If we were to acquire an American brand that was staffed here and managed here, I would tell you we are not ready to expand into Europe. That wouldn't be an immediate initiative, but it would be an important component to the brand that would give us the opportunity when we thought the timing was right. It is not right for us today.
- Analyst
Thanks, that's all I have.
Operator
Thank you. Our next question comes from Mike Richardson from Sidoti & Company.
- Analyst
Yes, good morning and thanks for taking my questions. I just two quick ones for you. First, can you give us an idea of how inventory levels are at retail? And have you seen any change in buying patterns from your retail partners? And I'm just curious as to what share count you're assuming for the balance of the year. Thanks.
- Chairman & CEO
We believe that inventory levels at the department store level are going to be managed a little tighter than usual. Their task is similar to us, to manage inventory appropriately and get better sell-throughs and better turn on their inventory, and not to pressure the organization into markdown initiatives that hurt margins. So, I think the retailer is playing a little closer to the vest in their inventory levels. Fortunately for us, we have some brands that are in high demand and work a little bit contrary to the department store needs.
- CFO
In terms of share count, Mike, you've got the share offering of 1,725,000. You could add that to your Q3-Q4, and then a proportion of that for the full year. And then there will be some additional dilution. For the full year we're probably just north of 22.5 million.
- Analyst
Okay, so add 1.7 million to the second quarter?
- CFO
To the Q3-Q4 prior-year figures plus some additional dilution.
- Analyst
Okay, thanks guys.
Operator
Our final question comes from David Glick from Buckingham Research.
- Analyst
Yes, thank you. Morris, you mentioned the improvement in the outlet traffic in August. I'm just wondering if that's something you're seeing across retail. You mentioned inventories are tied and I'm just wondering if there's more of a reason to be optimistic from direct-to-consumer and department store trend for the back half. Thank you.
- Chairman & CEO
We saw better traffic throughout for the month of August. We saw better sell-throughs. It's a little bit of a relief. I can't tell you that June and July were banner months for us. But it's great to see, as new product hits, traffic did perk up, sell-throughs are quite good. And it's not all driven by promotional business.

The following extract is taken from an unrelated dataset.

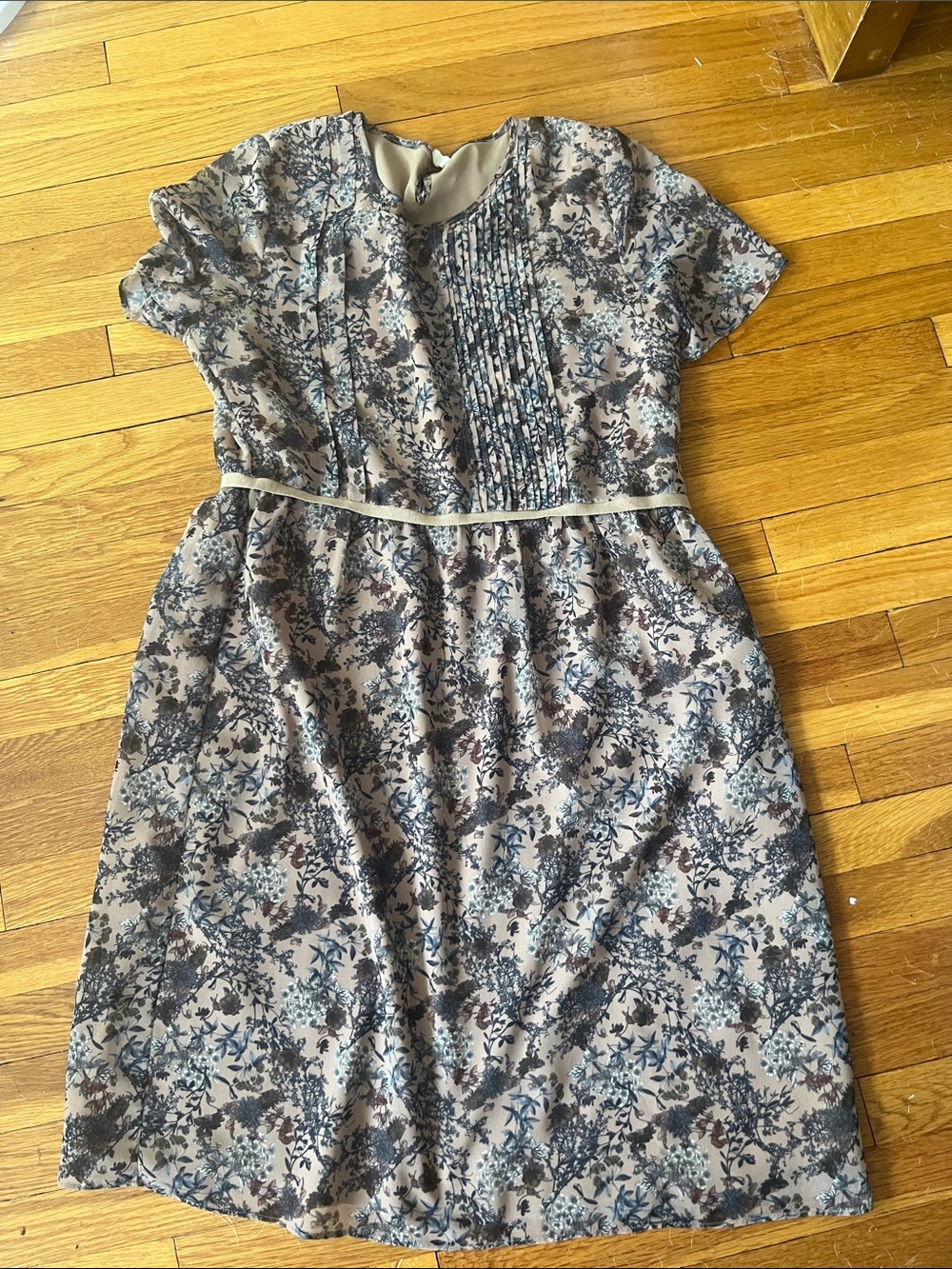 Floral Pintuck Dress w/Grosgrain Waist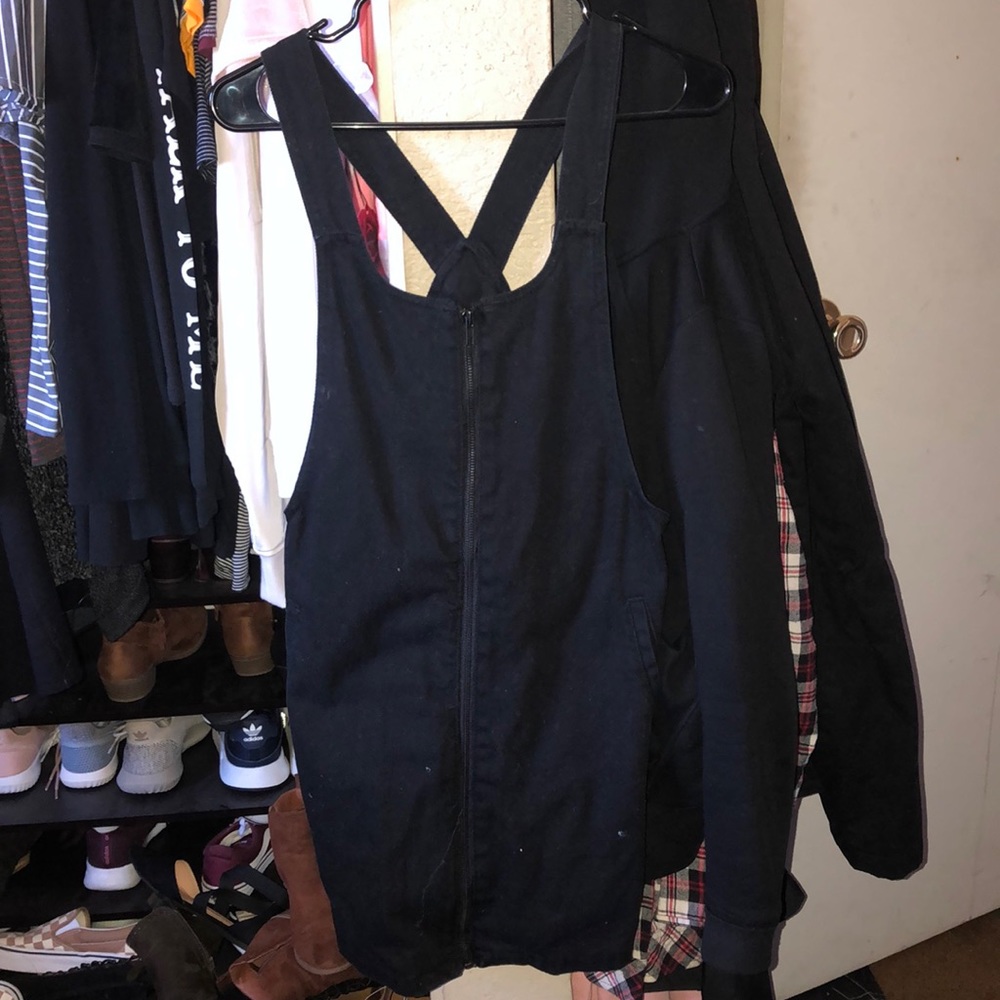 Black Denim Zip Up Dress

When the foot traffic isn't there, the stores tend to try to promote product. As foot traffic is there, the promotions are a little bit different and there's not a thirst to turn your inventory overnight. The foot traffic really is a good indicator of how stable your inventory is and how you value your inventory or you're told to value your inventory. So, I'd say that there's a good improvement in foot traffic.
- Analyst
Great, thank you. Good luck in the second half.
Operator
Thank you. We have no further questions at this time. I will now turn the call over to Morris Goldfarb for closing remarks. Please go ahead.
- Chairman & CEO
Thank you all for spending some time with us this morning and thank you for your interest in our Company. Have a good day.
Operator
Thank you. And thank you ladies and gentlemen. This concludes today's conference. Thank you for participating. You may now disconnect.